Oh, and I have not located a SWM splitter on the outside of my house and what is behind my TV is only a DECA and what looks to be a power inserter. Is the issue that there isn't a SWM splitter?

Any suggestions on how to handle this situation would be GREATLY appreciated. I will again be the one to deal with the technicians tomorrow. My husband wants to go back to Dish Network since a dual tuner is essentially what we need, but its more expensive and DirecTV has VOD and media share.... Oh, what to do......

Thank you in advance!


----------



## sigma1914 (Sep 5, 2006)

Couple things...
VOD takes 24 hours to load. You can't do VOD on the non DVR - it needs a hard drive to download to. Make sure no network plugs are connected to the HR24 or H24. There should be 3 lines to your home...1 to the HR24, 1 to the H24, & 1 to a DECA box. The DECA box needs a power supply and the DECA connects to your router...that's it.


----------



## hilmar2k (Mar 18, 2007)

If the DECA adapter that connectes to your router is near one of your receivers, the line to that receiver is generally split for use with both that receiver and the DECA adapter connected to your router.

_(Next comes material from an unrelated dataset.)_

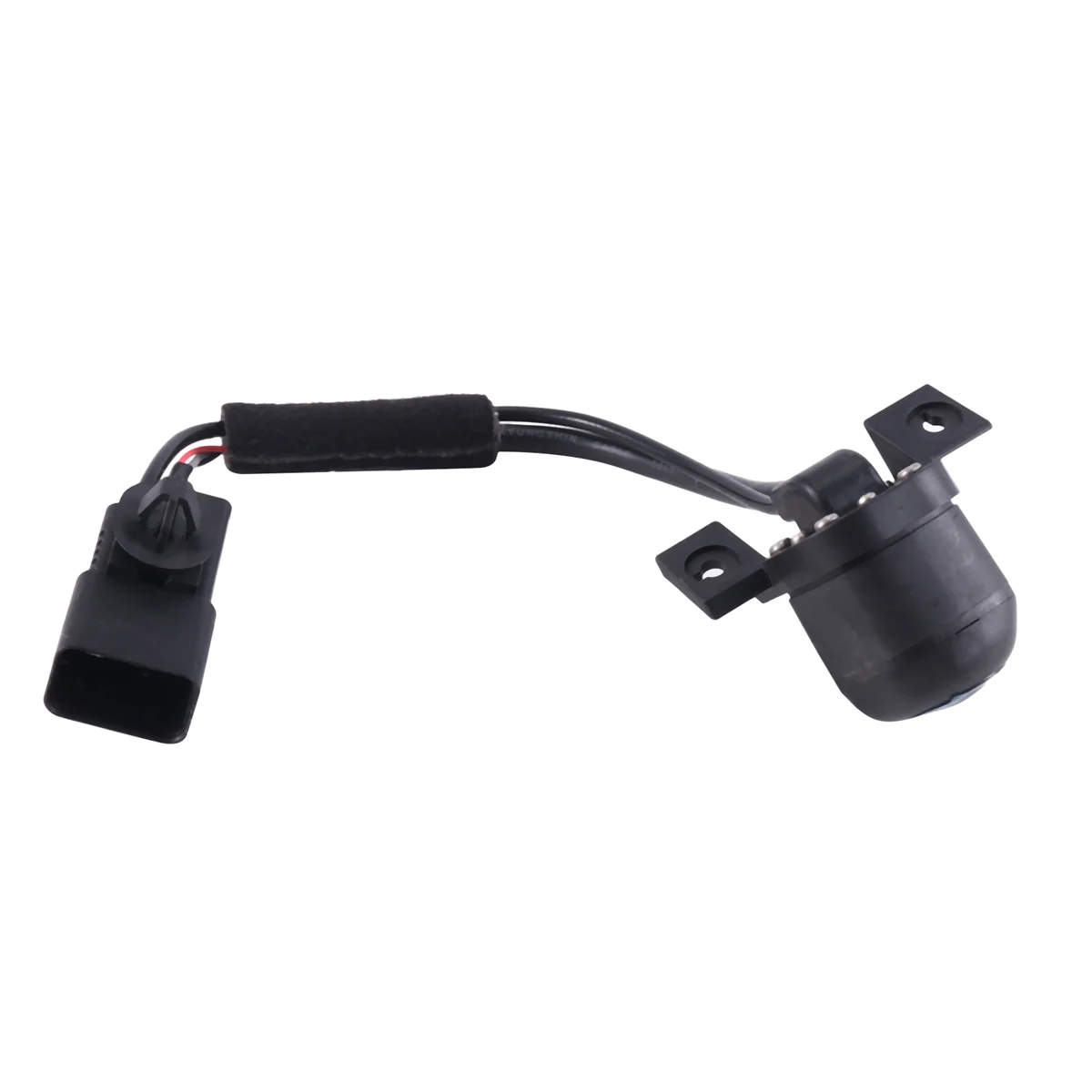 

99240-S1100 New Rear Camera Reverse Camera Parking Assist Camera for 2018-2020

Also, there should be no ethernet cables connected to the receivers, just to the DECA adapter. There should be 2 power inserters, one for the SWM and one for the DECA adapter. They may be the same, but may not be. There is no reason to run another line form the dish inside your house, as with SWM, you can split lines as needed. Make sure every splitter used has a green label on it.

One last thing, make sure the DECA adapter on the router has all three green lights lit solid. Also make sure that sharing is enabled on the HR24.


----------



## sigma1914 (Sep 5, 2006)

I'd make them run new coax, not use Dish's old ones. Clean, new runs are better.


----------



## hilmar2k (Mar 18, 2007)

sigma1914 said:


> I'd make them run new coax, not use Dish's old ones. Clean, new runs are better.


Maybe better, but not always practical. There's no way I would let DIRECTV run all new lines in my house. I am using the lines pre-run in my house when it was built. Luckily there are all home runs, and work great.


----------



## tomlisa555 (Jun 8, 2010)

Yeah, it isn't feasable though. Our lines were put in when our house was being built before the drywall was put up and we are on a slab foundation with brand new blown in insulation in our attic (15 extra inches I think). 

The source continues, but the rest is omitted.